§ **DATA FOR THIS TASK**
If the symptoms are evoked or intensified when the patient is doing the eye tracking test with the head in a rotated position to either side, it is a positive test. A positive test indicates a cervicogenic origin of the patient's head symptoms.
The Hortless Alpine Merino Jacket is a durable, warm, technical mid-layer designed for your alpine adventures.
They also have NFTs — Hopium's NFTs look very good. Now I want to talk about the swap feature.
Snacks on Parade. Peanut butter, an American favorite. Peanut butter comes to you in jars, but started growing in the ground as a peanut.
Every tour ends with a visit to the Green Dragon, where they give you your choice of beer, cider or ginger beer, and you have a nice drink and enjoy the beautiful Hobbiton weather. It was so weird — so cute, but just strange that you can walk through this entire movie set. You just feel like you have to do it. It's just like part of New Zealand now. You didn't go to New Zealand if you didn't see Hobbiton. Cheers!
---
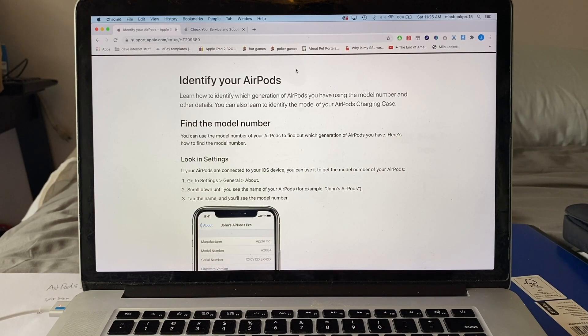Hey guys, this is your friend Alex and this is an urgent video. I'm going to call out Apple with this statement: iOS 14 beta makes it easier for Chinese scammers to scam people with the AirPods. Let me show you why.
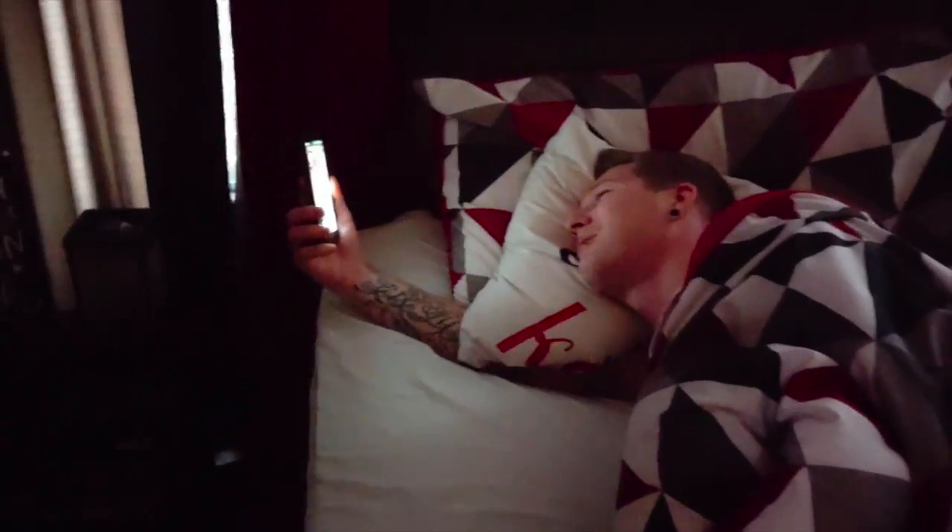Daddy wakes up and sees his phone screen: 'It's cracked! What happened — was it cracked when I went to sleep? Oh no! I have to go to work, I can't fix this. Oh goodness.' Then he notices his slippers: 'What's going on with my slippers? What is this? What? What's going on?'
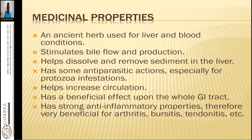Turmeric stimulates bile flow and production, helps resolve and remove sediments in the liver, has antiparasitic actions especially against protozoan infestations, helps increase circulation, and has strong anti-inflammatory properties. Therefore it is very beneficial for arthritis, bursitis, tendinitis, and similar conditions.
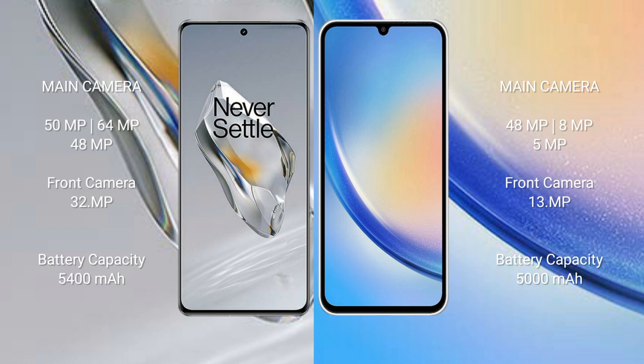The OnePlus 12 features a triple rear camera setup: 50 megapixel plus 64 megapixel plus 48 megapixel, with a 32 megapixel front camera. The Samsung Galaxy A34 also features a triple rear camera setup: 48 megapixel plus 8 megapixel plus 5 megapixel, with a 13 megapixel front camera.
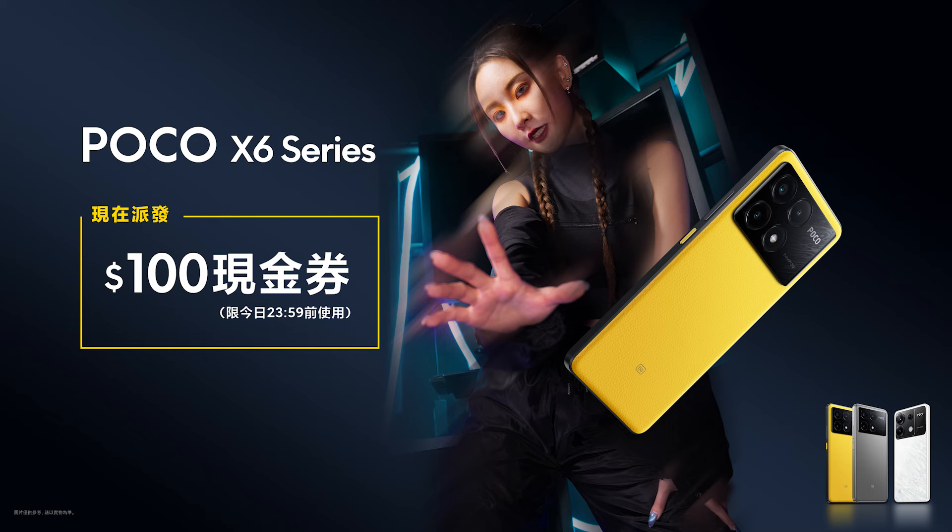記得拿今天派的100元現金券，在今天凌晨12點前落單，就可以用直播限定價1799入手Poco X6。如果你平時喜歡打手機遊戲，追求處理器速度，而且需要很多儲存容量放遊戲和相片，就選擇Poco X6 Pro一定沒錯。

§ **ACTIVITY**
Copy range, inclusive: the line holding "If the symptoms" to the line holding "The Hortless Alpine". Reproduce exactly those lines of the records above and no others.

§ **OUTPUT**
If the symptoms are evoked or intensified when the patient is doing the eye tracking test with the head in a rotated position to either side, it is a positive test. A positive test indicates a cervicogenic origin of the patient's head symptoms.
The Hortless Alpine Merino Jacket is a durable, warm, technical mid-layer designed for your alpine adventures.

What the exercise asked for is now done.